03/07/2018 1:18 pm EST

Focus: STOCKS

Marvin Appel

President, Signalert Asset Management LLC

State of the market—Stocks hold their ground 4%-6% off their Feb. 8 lows but remain volatile. I expect another attempt to retest those lows. Our intermediate-term U.S. equity timing model remains on a Buy signal, says Marvin Appel, MD, PhD.

However, we have reduced equity positions for our money management clients in order to mitigate the elevated volatility in case stocks turn unexpectedly weak. 

The chart of the S&P 500 Index (SPX) shows that the market has spent the past three weeks in the vicinity of the middle Bollinger band (20-day moving average), consistent with a neutral near-term trend. 

The advance-decline line is similarly in a three week old neutral trend.
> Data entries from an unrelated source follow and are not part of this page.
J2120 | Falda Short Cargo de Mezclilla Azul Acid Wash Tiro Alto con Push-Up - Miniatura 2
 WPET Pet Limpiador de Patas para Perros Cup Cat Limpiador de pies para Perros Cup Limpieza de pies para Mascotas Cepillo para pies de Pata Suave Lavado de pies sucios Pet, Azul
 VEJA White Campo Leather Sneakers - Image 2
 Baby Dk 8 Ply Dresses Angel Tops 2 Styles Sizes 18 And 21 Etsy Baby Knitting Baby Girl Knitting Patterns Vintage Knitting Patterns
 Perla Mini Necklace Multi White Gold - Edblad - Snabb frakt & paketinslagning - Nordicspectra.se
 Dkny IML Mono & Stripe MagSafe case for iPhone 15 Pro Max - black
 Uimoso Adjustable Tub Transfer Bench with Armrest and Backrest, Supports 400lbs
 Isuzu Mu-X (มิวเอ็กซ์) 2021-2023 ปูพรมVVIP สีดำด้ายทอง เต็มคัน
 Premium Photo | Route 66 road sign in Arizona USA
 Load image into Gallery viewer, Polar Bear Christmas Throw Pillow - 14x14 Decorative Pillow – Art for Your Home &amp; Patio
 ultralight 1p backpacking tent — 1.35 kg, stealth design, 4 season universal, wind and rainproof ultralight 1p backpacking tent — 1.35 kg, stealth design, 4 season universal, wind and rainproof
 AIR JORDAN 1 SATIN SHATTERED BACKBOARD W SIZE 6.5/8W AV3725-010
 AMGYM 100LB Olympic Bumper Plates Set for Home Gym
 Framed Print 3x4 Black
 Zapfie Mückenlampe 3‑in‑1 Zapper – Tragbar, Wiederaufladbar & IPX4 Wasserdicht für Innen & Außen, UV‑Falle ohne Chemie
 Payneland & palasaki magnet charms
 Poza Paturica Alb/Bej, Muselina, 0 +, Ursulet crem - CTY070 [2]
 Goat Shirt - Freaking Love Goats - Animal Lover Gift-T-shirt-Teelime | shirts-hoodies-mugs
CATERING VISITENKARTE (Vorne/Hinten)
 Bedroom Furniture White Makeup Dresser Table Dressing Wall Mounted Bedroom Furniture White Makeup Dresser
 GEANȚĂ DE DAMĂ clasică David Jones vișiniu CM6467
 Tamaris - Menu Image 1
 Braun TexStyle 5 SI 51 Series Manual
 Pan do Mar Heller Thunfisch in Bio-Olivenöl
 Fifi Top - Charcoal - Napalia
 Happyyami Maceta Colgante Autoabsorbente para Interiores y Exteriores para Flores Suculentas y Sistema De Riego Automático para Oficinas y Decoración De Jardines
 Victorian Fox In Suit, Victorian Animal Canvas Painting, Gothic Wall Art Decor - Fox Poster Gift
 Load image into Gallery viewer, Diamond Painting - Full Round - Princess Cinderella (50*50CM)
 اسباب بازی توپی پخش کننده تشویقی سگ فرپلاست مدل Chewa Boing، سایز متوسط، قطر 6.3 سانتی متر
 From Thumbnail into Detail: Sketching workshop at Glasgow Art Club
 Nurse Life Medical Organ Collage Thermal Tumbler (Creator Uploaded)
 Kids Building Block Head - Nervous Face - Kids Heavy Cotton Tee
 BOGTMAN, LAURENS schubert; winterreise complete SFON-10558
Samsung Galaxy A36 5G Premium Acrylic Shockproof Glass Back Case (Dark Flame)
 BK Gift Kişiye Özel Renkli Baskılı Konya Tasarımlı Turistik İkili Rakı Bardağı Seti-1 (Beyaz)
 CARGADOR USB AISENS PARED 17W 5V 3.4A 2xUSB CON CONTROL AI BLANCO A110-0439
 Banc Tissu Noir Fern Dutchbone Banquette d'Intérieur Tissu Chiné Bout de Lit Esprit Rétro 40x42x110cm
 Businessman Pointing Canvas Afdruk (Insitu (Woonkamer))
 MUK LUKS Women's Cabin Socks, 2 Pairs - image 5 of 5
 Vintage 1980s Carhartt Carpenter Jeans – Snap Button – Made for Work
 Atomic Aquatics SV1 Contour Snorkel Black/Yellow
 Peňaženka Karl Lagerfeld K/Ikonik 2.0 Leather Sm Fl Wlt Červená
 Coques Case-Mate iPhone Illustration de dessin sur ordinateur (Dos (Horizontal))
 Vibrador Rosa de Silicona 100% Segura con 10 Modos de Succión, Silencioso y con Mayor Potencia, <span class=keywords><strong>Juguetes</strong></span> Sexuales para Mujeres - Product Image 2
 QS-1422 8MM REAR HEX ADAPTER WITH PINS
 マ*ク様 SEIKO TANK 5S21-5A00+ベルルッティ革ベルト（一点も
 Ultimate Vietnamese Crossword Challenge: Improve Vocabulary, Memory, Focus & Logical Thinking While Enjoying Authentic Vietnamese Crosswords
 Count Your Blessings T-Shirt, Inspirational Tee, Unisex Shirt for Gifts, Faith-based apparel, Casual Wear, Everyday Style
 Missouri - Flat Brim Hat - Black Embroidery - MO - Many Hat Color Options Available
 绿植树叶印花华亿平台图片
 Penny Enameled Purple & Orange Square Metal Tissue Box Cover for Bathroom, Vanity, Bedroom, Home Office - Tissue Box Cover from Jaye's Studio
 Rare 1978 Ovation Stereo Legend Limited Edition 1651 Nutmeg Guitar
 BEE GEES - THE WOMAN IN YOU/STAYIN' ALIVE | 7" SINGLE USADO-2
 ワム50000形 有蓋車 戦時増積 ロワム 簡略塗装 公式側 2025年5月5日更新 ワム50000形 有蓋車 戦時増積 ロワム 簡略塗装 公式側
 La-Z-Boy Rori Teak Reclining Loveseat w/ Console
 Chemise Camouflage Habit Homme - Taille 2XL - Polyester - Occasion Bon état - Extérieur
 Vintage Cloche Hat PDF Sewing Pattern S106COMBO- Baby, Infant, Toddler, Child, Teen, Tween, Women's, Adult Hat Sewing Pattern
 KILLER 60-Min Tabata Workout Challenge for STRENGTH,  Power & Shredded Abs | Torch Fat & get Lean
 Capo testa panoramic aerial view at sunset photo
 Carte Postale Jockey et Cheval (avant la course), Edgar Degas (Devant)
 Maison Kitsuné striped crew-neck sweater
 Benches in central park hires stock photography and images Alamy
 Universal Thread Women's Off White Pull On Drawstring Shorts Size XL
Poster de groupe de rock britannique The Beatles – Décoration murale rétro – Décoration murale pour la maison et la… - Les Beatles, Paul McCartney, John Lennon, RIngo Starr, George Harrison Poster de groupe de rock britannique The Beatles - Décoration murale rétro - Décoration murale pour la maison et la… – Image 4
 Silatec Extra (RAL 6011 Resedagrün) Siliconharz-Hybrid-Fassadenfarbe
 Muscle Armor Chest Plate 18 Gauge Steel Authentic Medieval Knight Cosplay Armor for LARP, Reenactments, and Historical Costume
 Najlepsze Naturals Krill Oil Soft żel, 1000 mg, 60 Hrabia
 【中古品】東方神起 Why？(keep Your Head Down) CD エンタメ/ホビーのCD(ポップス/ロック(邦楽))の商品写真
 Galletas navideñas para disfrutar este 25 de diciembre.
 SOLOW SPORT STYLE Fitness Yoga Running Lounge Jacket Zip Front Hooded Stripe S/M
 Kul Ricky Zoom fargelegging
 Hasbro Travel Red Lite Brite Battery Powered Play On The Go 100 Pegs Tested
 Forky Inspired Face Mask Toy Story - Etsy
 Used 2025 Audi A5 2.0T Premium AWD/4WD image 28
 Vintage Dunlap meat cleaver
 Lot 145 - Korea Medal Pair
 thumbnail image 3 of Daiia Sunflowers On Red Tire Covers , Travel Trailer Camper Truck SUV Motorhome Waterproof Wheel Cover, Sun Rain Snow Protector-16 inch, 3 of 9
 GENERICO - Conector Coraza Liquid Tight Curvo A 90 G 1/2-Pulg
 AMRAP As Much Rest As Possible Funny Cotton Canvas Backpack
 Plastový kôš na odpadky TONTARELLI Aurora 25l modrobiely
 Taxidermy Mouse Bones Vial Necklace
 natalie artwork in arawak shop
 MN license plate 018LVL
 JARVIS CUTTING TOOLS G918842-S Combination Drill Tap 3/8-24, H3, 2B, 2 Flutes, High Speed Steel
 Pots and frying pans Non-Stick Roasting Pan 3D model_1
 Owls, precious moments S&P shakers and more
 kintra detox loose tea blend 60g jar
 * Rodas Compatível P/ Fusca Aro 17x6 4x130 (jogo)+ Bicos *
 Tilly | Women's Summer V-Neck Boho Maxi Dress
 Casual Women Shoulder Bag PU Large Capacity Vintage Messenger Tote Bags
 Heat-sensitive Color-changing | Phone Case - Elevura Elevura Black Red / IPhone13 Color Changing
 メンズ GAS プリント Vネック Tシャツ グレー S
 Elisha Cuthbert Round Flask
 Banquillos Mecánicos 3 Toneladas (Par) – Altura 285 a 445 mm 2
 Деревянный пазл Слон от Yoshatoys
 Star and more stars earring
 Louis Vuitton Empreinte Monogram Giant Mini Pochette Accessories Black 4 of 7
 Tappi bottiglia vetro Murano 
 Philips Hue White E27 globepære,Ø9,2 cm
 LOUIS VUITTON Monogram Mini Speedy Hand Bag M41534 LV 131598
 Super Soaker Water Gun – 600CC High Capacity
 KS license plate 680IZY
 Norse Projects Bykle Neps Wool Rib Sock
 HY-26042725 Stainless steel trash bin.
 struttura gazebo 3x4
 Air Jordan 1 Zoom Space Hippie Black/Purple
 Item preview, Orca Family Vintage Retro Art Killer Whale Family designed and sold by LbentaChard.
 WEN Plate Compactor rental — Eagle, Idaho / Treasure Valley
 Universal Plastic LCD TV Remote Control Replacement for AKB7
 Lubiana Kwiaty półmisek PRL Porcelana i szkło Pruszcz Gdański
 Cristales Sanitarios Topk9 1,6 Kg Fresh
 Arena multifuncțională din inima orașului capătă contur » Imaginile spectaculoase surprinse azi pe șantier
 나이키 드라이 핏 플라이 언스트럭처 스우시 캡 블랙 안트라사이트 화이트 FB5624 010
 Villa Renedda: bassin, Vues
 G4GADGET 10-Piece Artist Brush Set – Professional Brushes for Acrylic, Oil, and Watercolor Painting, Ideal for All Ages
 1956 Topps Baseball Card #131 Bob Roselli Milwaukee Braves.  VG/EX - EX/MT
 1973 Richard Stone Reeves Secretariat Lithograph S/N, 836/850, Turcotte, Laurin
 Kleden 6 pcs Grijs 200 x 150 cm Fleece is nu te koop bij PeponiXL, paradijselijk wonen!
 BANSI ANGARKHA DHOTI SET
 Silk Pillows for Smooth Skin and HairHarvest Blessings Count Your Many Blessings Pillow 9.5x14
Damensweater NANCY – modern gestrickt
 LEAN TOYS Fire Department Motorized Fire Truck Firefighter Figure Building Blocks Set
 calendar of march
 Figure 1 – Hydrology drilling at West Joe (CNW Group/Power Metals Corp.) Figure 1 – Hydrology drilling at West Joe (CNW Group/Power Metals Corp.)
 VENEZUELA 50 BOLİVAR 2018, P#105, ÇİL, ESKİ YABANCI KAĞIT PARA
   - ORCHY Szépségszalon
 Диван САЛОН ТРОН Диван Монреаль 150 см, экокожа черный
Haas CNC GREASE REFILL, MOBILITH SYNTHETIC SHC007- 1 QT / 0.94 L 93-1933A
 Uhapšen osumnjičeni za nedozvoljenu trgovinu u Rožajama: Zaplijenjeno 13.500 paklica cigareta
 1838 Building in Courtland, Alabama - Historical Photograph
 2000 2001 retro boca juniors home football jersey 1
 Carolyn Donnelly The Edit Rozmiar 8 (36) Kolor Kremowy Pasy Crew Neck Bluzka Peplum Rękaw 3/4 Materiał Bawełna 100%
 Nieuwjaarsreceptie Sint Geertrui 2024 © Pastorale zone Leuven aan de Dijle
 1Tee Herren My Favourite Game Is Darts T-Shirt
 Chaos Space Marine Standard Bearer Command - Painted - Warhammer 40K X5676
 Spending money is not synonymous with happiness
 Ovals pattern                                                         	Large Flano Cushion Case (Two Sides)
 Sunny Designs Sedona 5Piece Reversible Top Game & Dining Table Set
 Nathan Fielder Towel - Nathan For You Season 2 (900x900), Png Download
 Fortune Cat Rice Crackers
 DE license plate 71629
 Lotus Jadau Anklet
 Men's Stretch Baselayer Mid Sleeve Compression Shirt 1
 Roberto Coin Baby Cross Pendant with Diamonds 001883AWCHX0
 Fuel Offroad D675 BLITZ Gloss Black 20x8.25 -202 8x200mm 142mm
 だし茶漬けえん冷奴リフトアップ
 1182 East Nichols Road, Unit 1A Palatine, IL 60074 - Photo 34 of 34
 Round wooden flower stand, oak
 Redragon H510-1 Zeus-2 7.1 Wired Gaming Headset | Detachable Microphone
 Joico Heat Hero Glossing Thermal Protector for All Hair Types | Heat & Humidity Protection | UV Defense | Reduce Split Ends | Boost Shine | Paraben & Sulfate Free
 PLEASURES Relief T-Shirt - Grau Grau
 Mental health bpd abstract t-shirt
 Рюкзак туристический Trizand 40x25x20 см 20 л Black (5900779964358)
However, this is not a market to be complacent about. Note that the average daily percentage move up or down is now almost 1.2%, well above its 20-year average of approximately ¾%. 

As recently as last October volatility was practically nonexistent, with an average daily move of less than 0.2%. 

chart

The expected retest of the Feb. 8 lows should entail another touch of the lower Bollinger band, implying a pullback of 4%-5%.  However, at this point, it does not appear that anything worse than that is in the cards for the next two months at least.  (Risk will increase in the unfavorable May-October period.) 

It is not yet clear to me whether we are at the beginning of a several-month topping process as a prelude to another leg down or whether this was just a short interruption of an ongoing bull market. 

For now, with our models positive, subscribers should ride out the volatility. However, we should all be alert to the possibility of a more serious summer correction.